Your instructions: Write out exactly the lines running from the one with "Homme qui parle" to the end of the data, including both of those lines and excluding pictures.

Available records:
• • • •
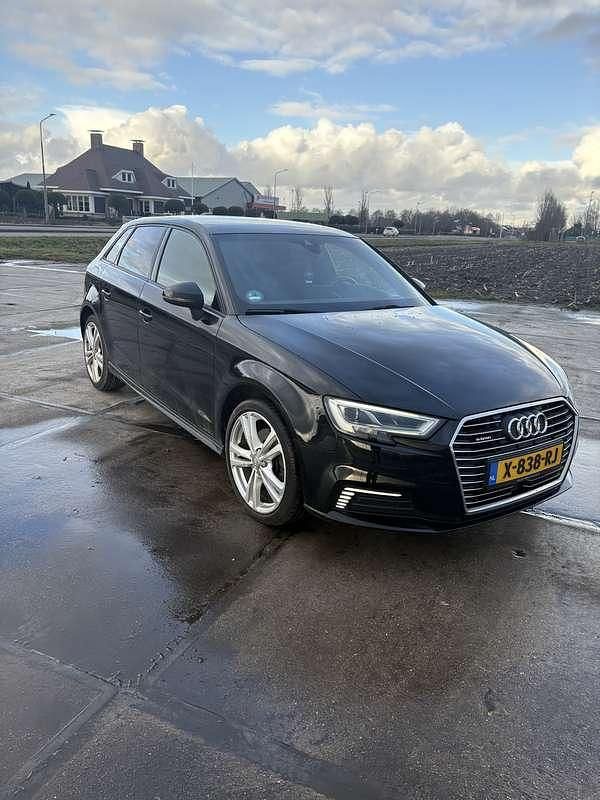 Occasion Audi A3 e-tron S-Line 150 PK (110 kW) 2020 Zwart Hatchback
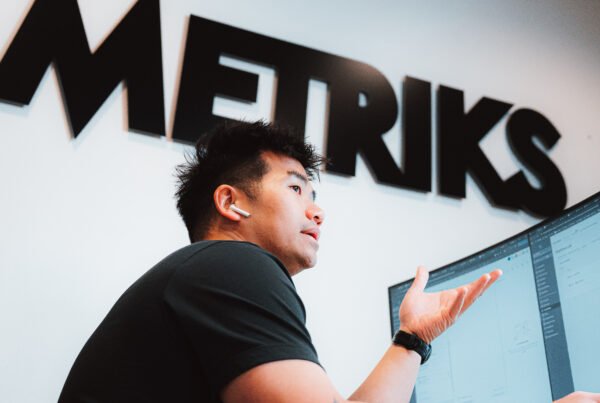 Homme qui parle au téléphone devant son bureau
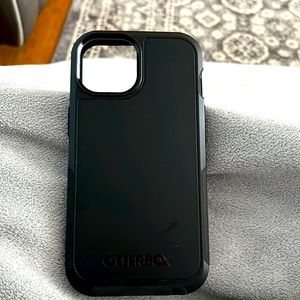 Otter box Defender Pro XT case for iPhone 13! Excellent condition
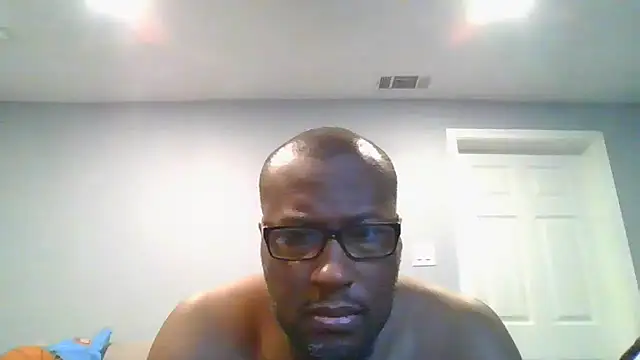 Snapshot of littbbc chatting on 2, 10, 2025 littbbc online show from 2, 10, 2025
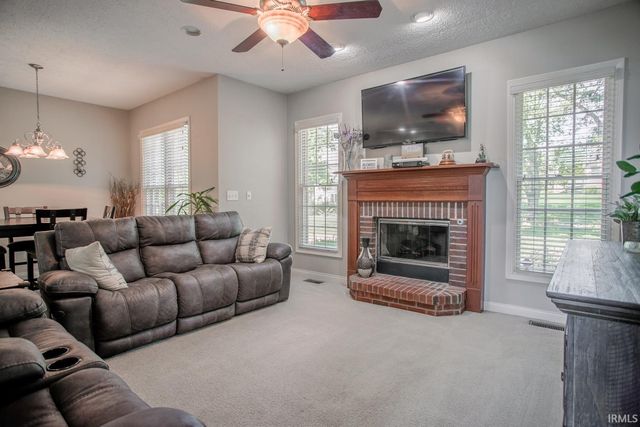 4524 E Foxmoor Lane, Lafayette, IN 47905
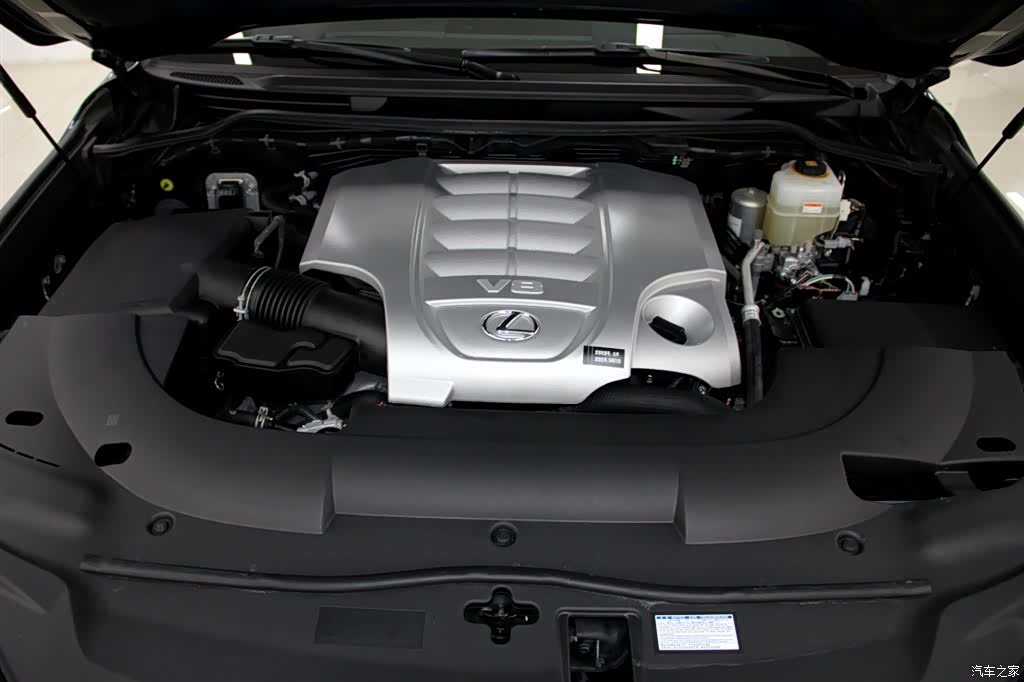 Lexus LX, 2020 32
• • • •
Written solution:
 Homme qui parle au téléphone devant son bureau
 Otter box Defender Pro XT case for iPhone 13! Excellent condition
 Snapshot of littbbc chatting on 2, 10, 2025 littbbc online show from 2, 10, 2025
 4524 E Foxmoor Lane, Lafayette, IN 47905
 Lexus LX, 2020 32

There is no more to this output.